** Material for this exercise follows **
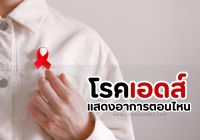 โรคเอดส์ แสดงอาการ ตอน ไหน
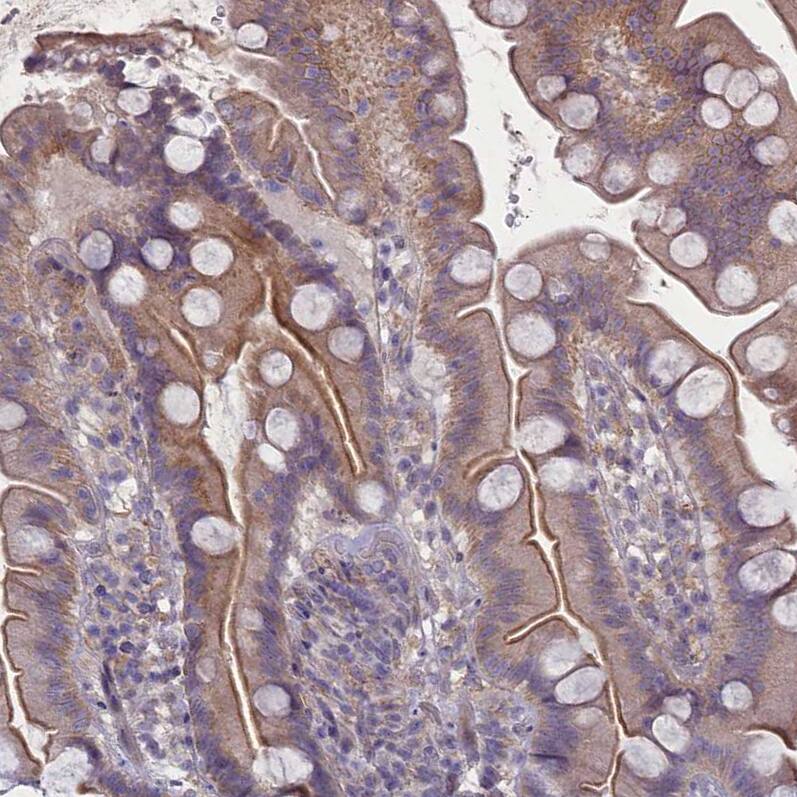 PLEKHG6 Antibody - BSA Free Immunohistochemistry-Paraffin: PLEKHG6 Antibody - BSA Free [NBP1-83840]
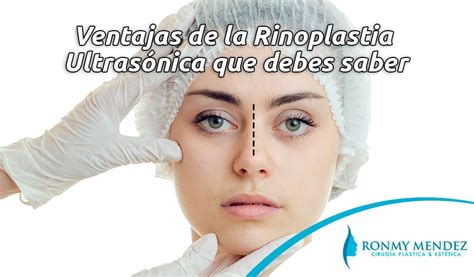 12 tipos de nariz que se pueden corregir con Rinoplastia Así se ve la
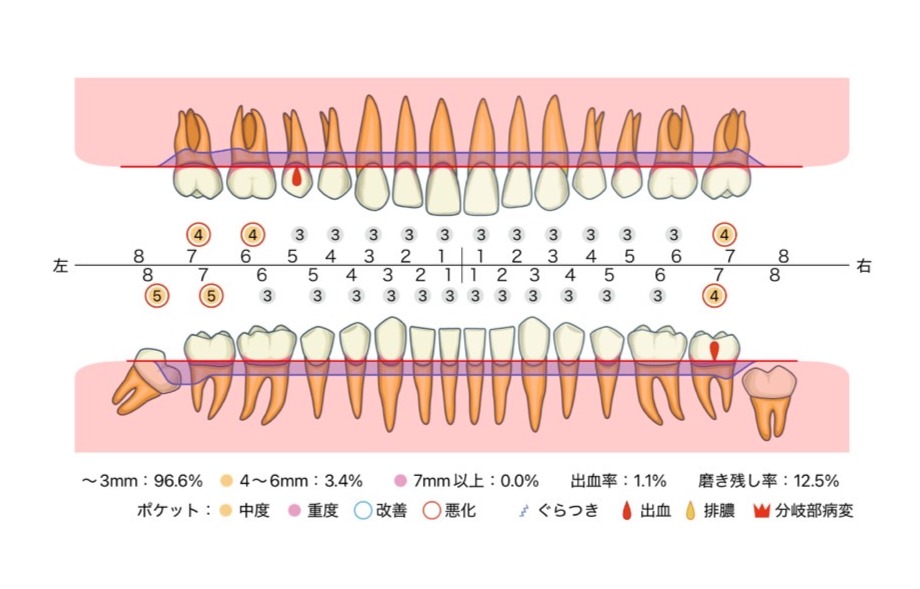 歯周病検査チャート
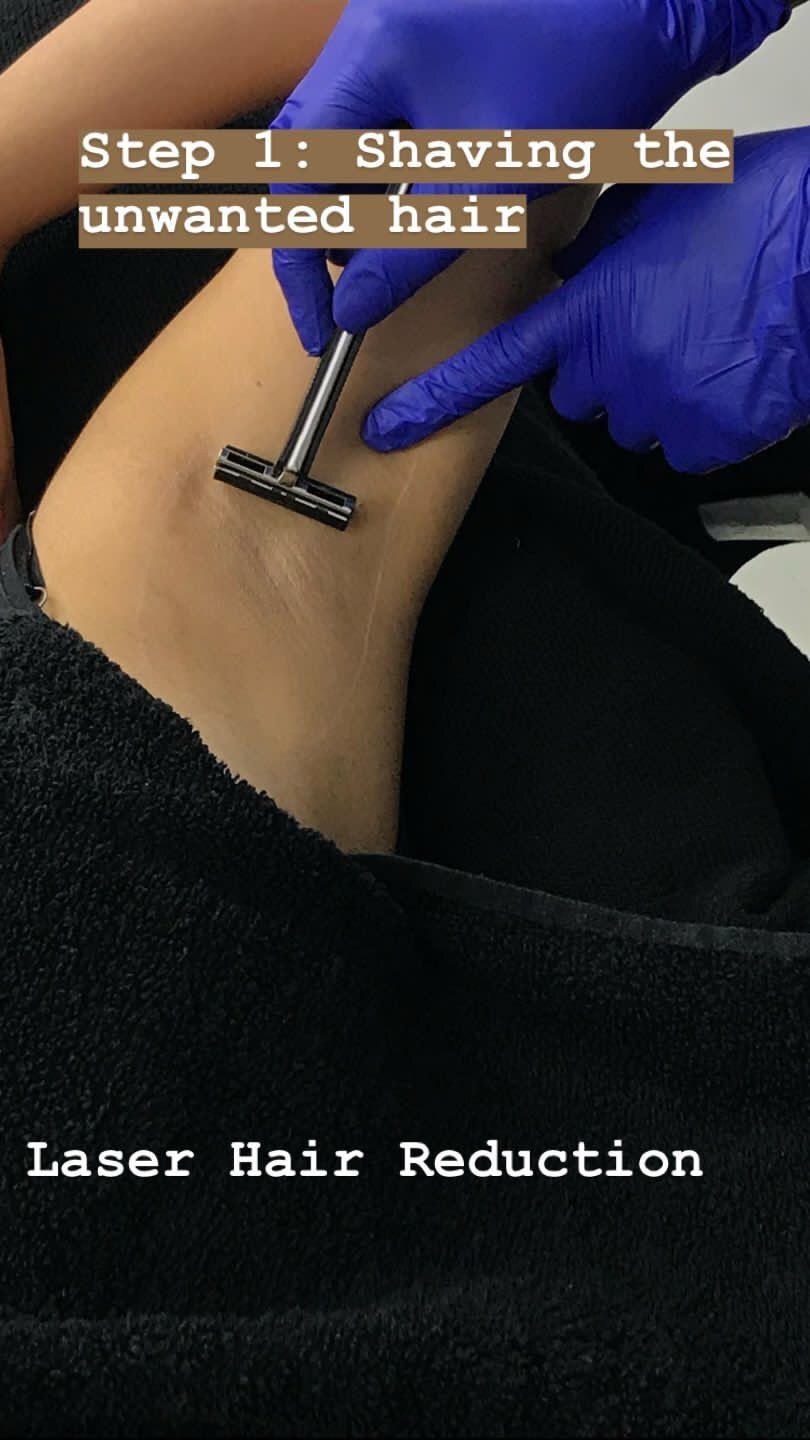 Laser Hair Reduction Preparation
** End of Material for this exercise **
**Required action:**
A word-for-word copy of the lines from the one containing "12 tipos de" through the last line of the records is what is wanted, without pictures and without any other line.

**Answer box:**
 12 tipos de nariz que se pueden corregir con Rinoplastia Así se ve la
 歯周病検査チャート
 Laser Hair Reduction Preparation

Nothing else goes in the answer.